Several quarries that previously accepted excavation and demolition material from third parties have already begun restricting or refusing incoming waste from external developers, while continuing to process material from their own affiliated construction projects. The construction sector depends on roughly six quarry operators for this service, leaving developers with little room to manoeuvre. The practical consequences are already being felt.
Some projects have slowed down; others have been postponed entirely. The Malta Developers Association confirmed that negotiations with the government have been running for weeks without a breakthrough. "We are trying to hold discussions with the government to move forward, but no conclusion has yet been reached," an MDA spokesperson said.
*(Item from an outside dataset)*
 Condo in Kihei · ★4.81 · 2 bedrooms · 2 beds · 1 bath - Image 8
The spokesperson added that successive administrations had relied on temporary solutions instead of investing in dedicated long-term waste management infrastructure, leaving the sector without a durable disposal framework. The financial stakes for individual projects are significant. Under the current €12-per-tonne rate, a development that excavates 10,000 tonnes of waste is looking at disposal bills of roughly €120,000.
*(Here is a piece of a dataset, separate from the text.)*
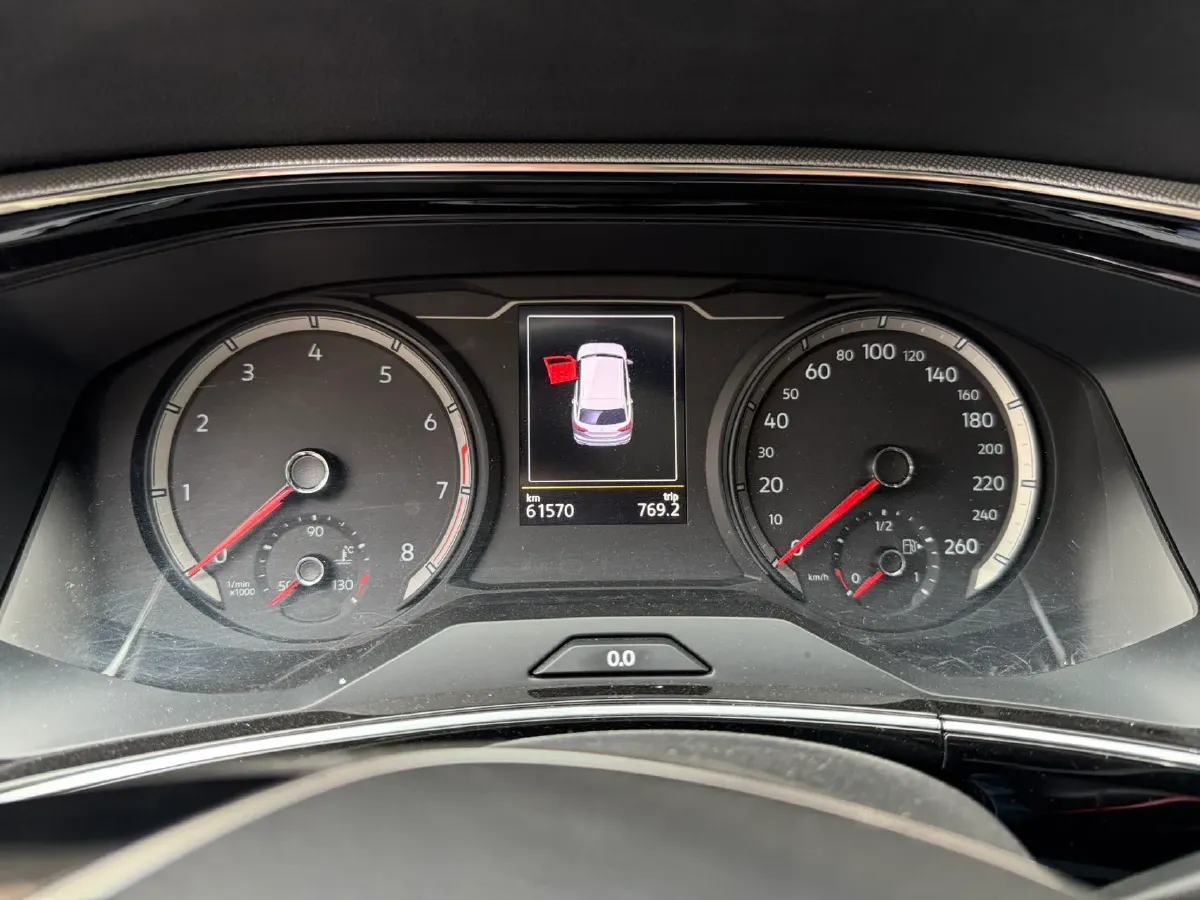 2019 Jeep Cherokee 2.0T 234HP L4 9AT,autocango,china used car exporter,china ev exporter,chinese used car exporter,chinese used ev exporter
Should the proposed €20-per-tonne floor take effect, that same project would owe €200,000 — an €80,000 jump. For larger developments involving tens of thousands of tonnes, the added exposure runs into the hundreds of thousands of euro. Industry insiders warned that developers are unlikely to absorb those costs and would instead pass them on to buyers through higher property prices, on top of rising labour and materials bills already squeezing margins.
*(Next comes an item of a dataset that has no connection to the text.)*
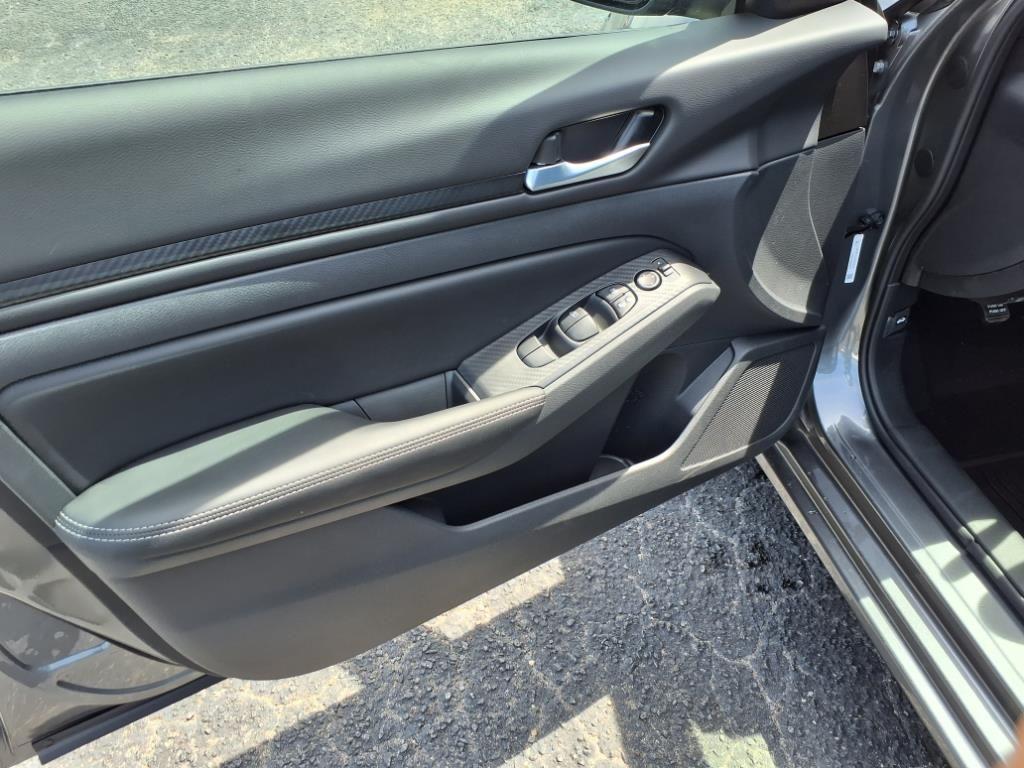 new 2025 Nissan Altima car, priced at $31,549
This is not the first time the sector has reached this point. A similar dispute in 2019 and 2020 threatened to bring construction activity to a halt before the government stepped in, securing agreements that set the current €12-per-tonne benchmark and preventing a wider shutdown. Anonymous sources familiar with the discussions alleged that ministers and senior officials were aware the dispute was brewing during the recent electoral campaign but kept it out of the public domain while back-channel talks continued.
The government had not issued a public statement on the negotiations at the time of publication.